De José Saramago (*1922 - +2010), li obras diversas e constantemente. Não é desses autores que apresentam uma fórmula geral e vão dando a cada novo livro uma roupagem diferente, com novo contexto. Ele foi todo novo e intenso, cada vez.
Li coisas curiosas, como 'Todos os Nomes', letras angustiantes, como 'Ensaio Sobre a Cegueira', polêmicas, como 'O Evangelho Segundo Jesus Cristo' e talvez o mais interessante e poético, 'As Intermitências da Morte'. Entretanto, nada me comoveu com tamanha intensidade quanto o prefácio que ele escreve em 1997, para o livro Terra, fotografias de Sebastião Salgado e um cd encartado, com canções de Chico Buarque. O contexto do livro é mais do que conhecido, a relação do homem, trabalhador, com a terra, e sua expropriação de seu próprio chão, quase uma metáfora revisitada da bíblia cristã.
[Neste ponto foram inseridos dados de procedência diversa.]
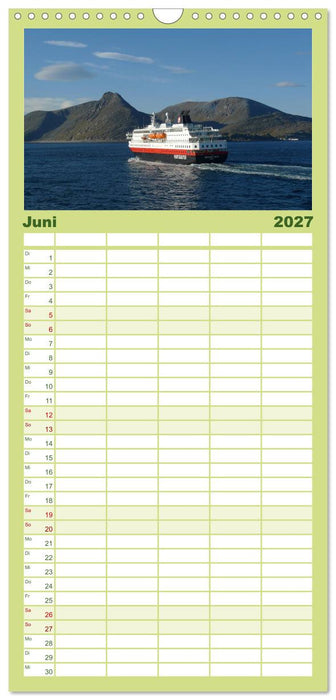 Impressionen von Norwegen entlang der Hurtigruten (CALVENDO Familienplaner 2027)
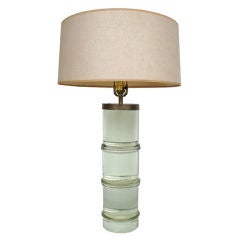 Vintage Solid Glass Lamp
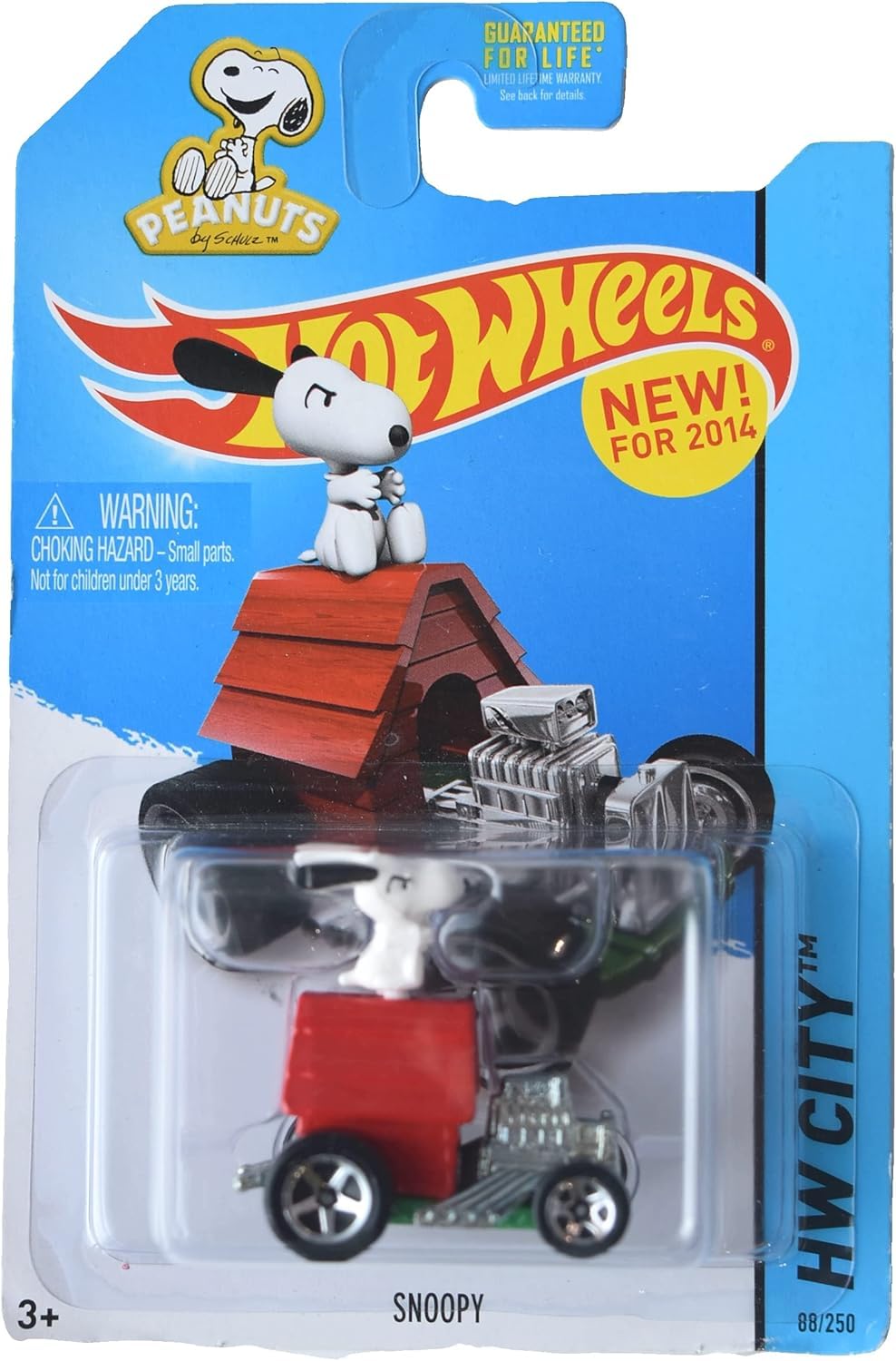 Hot Wheels Snoopy, 1:64 Scale Die-Cast Car, Unisex, Ages 3+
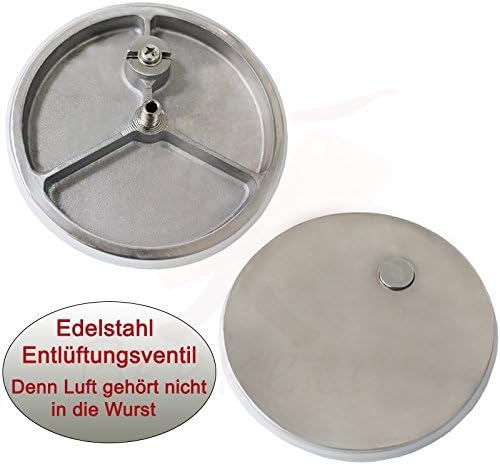 Beeketal 'BT010' Edelstahl Industrie Wurstfüllmaschine (10 L Volumen) SGS-geprüft, Profi Wurstfüller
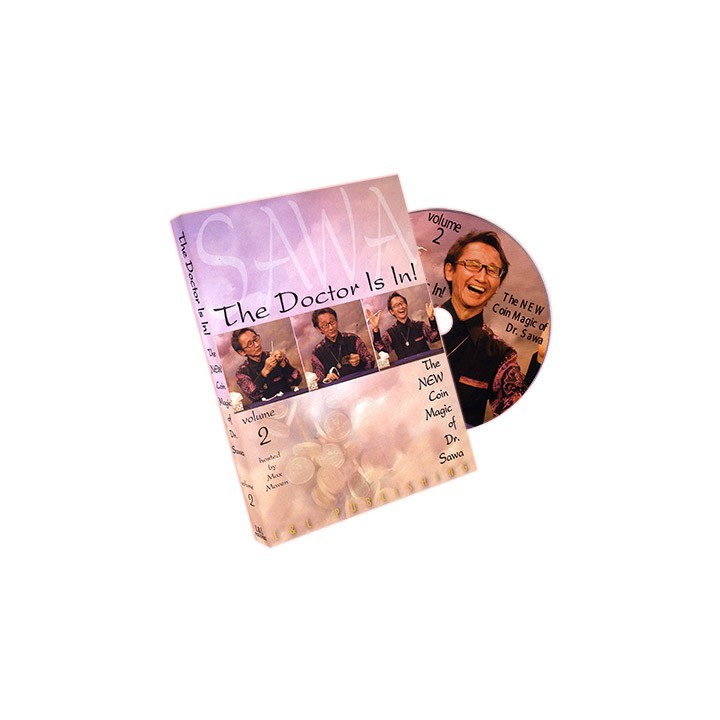 The Doctor Is In - The New Coin Magic of Dr. Sawa Vol 2 - DVD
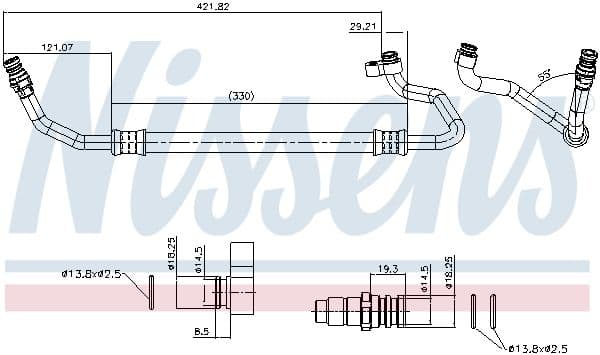 conducta joasa presiune,aer conditionat NISSENS 84023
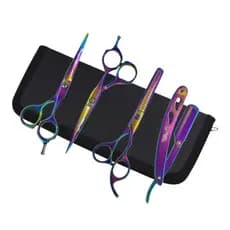 Kit 3 Tesouras Profissionais 1 Navalha P Cabeleireiro e Barbeiro Orignal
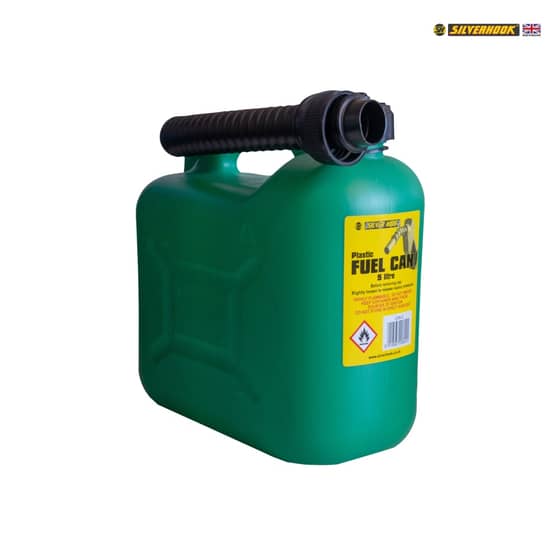 Silverhook Unleaded Petrol Can & Spout Green 5 Litre - CAN2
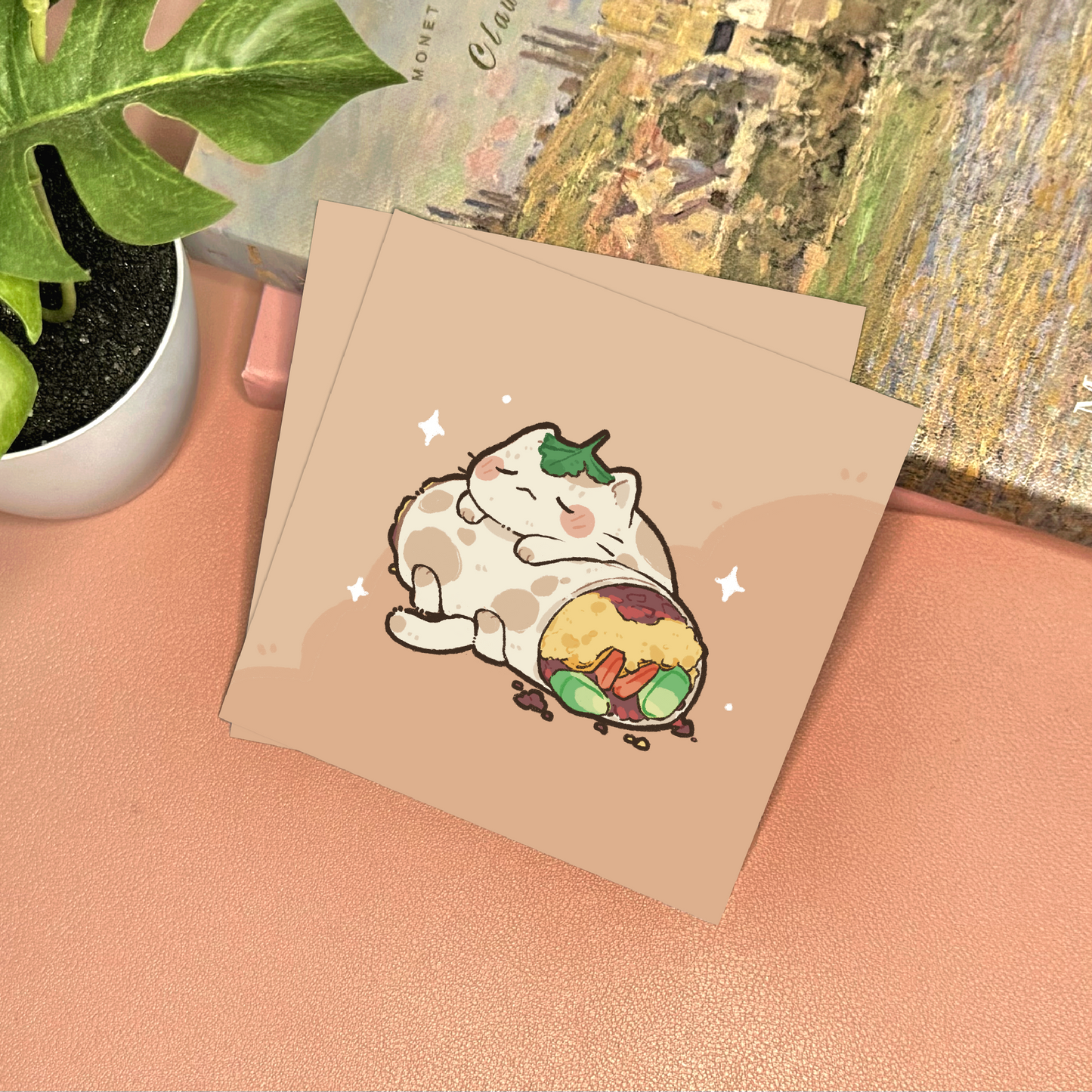 Brunch Cat Art Print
Colocarei apenas este trecho e sugiro que pesquisem-no na íntegra, na página de onde tirei, ou de outra que melhor lhes aprouver:
http://www.mst.org.br/node/10125

"Oxalá não venha nunca à sublime cabeça de Deus a idéia de viajar um dia a estas paragens para certificar-se de que as pessoas que por aqui mal vivem, e pior vão morrendo, estão a cumprir de modo satisfatório o castigo que por ele foi aplicado, no começo do mundo, ao nosso primeiro pai e à nossa primeira mãe, os quais, pela simples e honesta curiosidade de quererem saber a razão por que tinham sido feitos, foram sentenciados, ela, a parir com esforço e dor, ele, a ganhar o pão da família com o suor do seu rosto, tendo como destino final a mesma terra donde, por um capricho divino, haviam sido tirados, pó que foi pó, e pó tornará a ser. Dos dois criminosos, digamo-lo já, quem veio a suportar a carga pior foi ela e as que depois dela vieram, pois tendo de sofrer e suar tanto para parir, conforme havia sido determinado pela sempre misericordiosa vontade de Deus, tiveram também de suar e sofrer trabalhando ao lado dos seus homens, tiveram também de esforçar-se o mesmo ou mais do que eles, que a vida, durante muitos milénios, não estava para a senhora ficar em casa, de perna estendida, qual rainha das abelhas, sem outra obrigação que a de desovar de tempos a tempos, não fosse ficar o mundo deserto e depois não ter Deus em quem mandar."
A fotografia do homem à margem do Rio Tejo, fí-la no ano 2000, e integrou a Exposição 'Duas Margens', no ano seguinte.